Fünf Gründe, warum man Gemeinden finanziell nicht im Regen stehen lassen sollte

Die Einnahmen der Gemeinden werden bedingt durch Coronakrise und Steuerreform 2020 und 2021 um bis zu 2 Mrd. Euro niedriger sein als noch 2019, das sind immerhin rund 10 Prozent der laufenden Einnahmen. Die Handlungsmöglichkeiten der Gemeinden zur Ausgabensenkung sind jedoch eingeschränkt. Nachfolgend fünf Gründe, warum man Gemeinden jetzt finanziell nicht im Regen stehen lassen sollte und für 2021 dringend über Hilfen reden sollte.

Die schlechten Nachrichten gehen uns momentan nicht aus. Der aktuelle Herbst und Winter ist geprägt durch Maßnahmen, die zur Bewältigung der Gesundheitskrise wichtig sind, aber gleichzeitig die Wirtschaft weiter dämpfen. Die noch im Sommer erhoffte Erholung ist damit Geschichte. Das Jahr 2021 kann damit für die Gemeinden noch schlimmer ausfallen als 2020, da die Steuerreform die finanziellen Spielräume der Gemeinden selbst bei sich erholender Konjunktur massiv eingeschränkt hätte.

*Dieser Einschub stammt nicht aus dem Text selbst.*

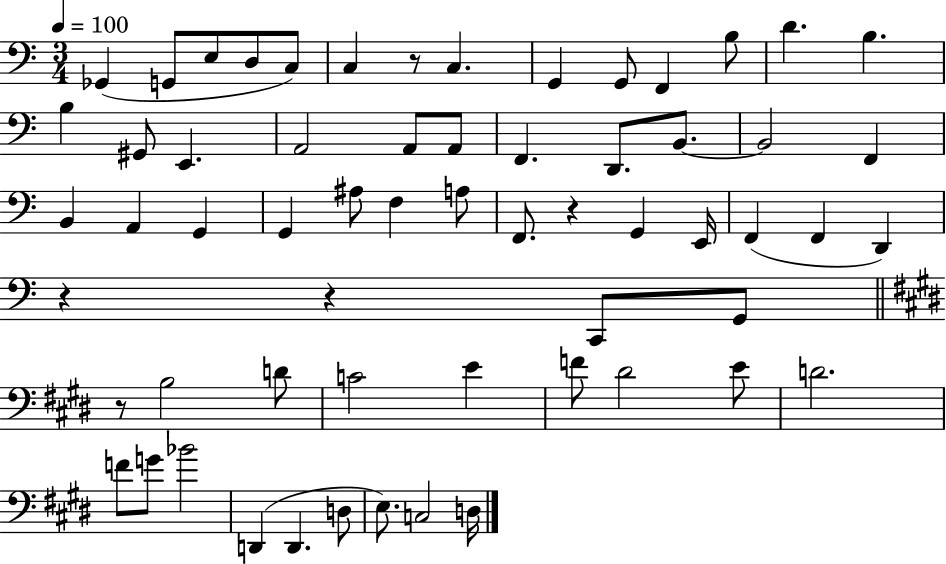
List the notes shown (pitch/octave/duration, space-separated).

Gb2/q G2/e E3/e D3/e C3/e C3/q R/e C3/q. G2/q G2/e F2/q B3/e D4/q. B3/q. B3/q G#2/e E2/q. A2/h A2/e A2/e F2/q. D2/e. B2/e. B2/h F2/q B2/q A2/q G2/q G2/q A#3/e F3/q A3/e F2/e. R/q G2/q E2/s F2/q F2/q D2/q R/q R/q C2/e G2/e R/e B3/h D4/e C4/h E4/q F4/e D#4/h E4/e D4/h. F4/e G4/e Bb4/h D2/q D2/q. D3/e E3/e. C3/h D3/s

Es verwundert also nicht, dass die Rufe der Gemeinden und Städte[1] nach finanzieller Hilfe durch den Bund immer lauter werden. So wird etwa ein gemeinsamer „Kommunalgipfel“[2] mit den Finanzausgleichspartnern gefordert, um hier endlich zu einer Lösung zu finden. Auch die Länder haben in der Landeshauptleutekonferenz Anfang November die Forderung nach einem weiteren Hilfspaket für Gemeinden erneuert.[3]

Als Bürgerin und Bürger merkt man bisher noch nichts von den finanziellen Problemen der Gemeinden. Die wichtigsten Leistungen wie Ver- und Entsorgung, Kinderbetreuung, Schulen, Straßen funktionieren noch wie eh und je. Die Gemeinden konnten 2020 noch verstärkt auf Rücklagen zurückgreifen oder haben sich verschuldet in der Hoffnung, dass sich die Situation schnell wieder erholt. 2021 werden die Rücklagen weitgehend aufgebraucht sein, die Verschuldung ist nicht beliebig ausreizbar. Die Gemeinden werden daher sparen müssen, was auch unmittelbar die Bürgerinnen und Bürger betreffen wird.

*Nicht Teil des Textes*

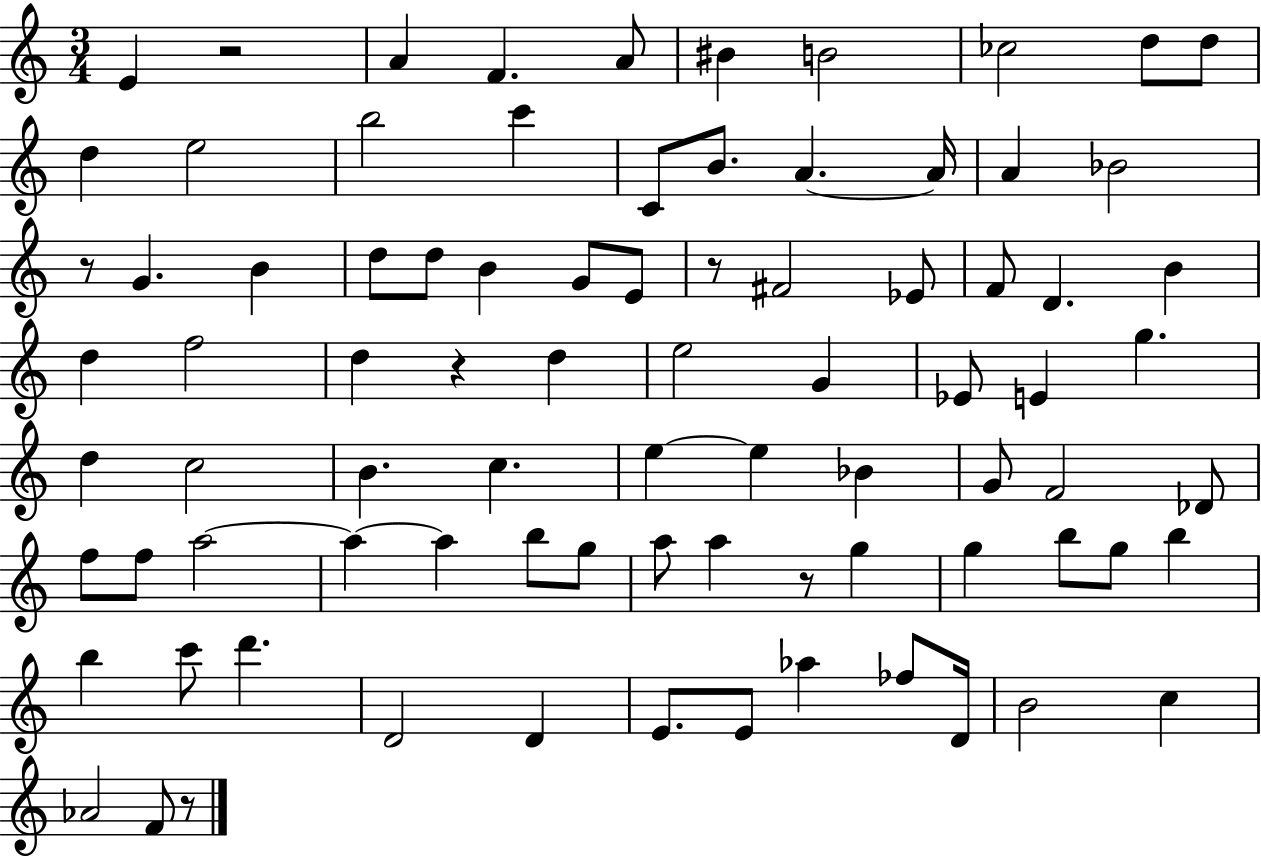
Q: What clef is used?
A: treble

Die Einsparmöglichkeiten sind jedenfalls beschränkt. Es gilt politisch abzuwägen, in welchen Bereichen Abstriche gemacht werden. Streicht man Förderungen etwa an Sportvereine, an die Feuerwehr oder gar Wohnkostenzuschüsse? Kürzt man die Betreuungszeiten in Kindergärten? Schließt man Kultur- und Freizeiteinrichtungen wie etwa Freibäder? All dies sind Kürzungen, die direkt zulasten der eigenen Bevölkerung gehen. Es ist daher verständlich, dass die kommunalen Politikerinnen und Politiker hier warnen. Es liegt in der Verantwortung der Politik – von Bund, Ländern und Gemeinden – hier in einen Diskurs zu treten und gemeinsam festzulegen, wie Gemeinden durch die Krise kommen sollen. Dass es problematisch ist, wenn die Gemeinden finanziell im Regen stehen gelassen werden, wird nachfolgend anhand von fünf Argumenten aufgezeigt.

1. Zur Aufrechterhaltung der Versorgungssicherheit braucht es stabile Einnahmen

Gemeinden tragen mit ihren Leistungen wesentlich zur Versorgungssicherheit der Bevölkerung in den verschiedensten Lebensbereichen bei. Sie sind etwa zuständig für Kindergärten, Pflichtschulgebäude, Gemeindestraßen, Ver- und Entsorgung, Feuerwehr und finanzieren auch das Rettungswesen, Krankenanstalten und den Sozialbereich mit.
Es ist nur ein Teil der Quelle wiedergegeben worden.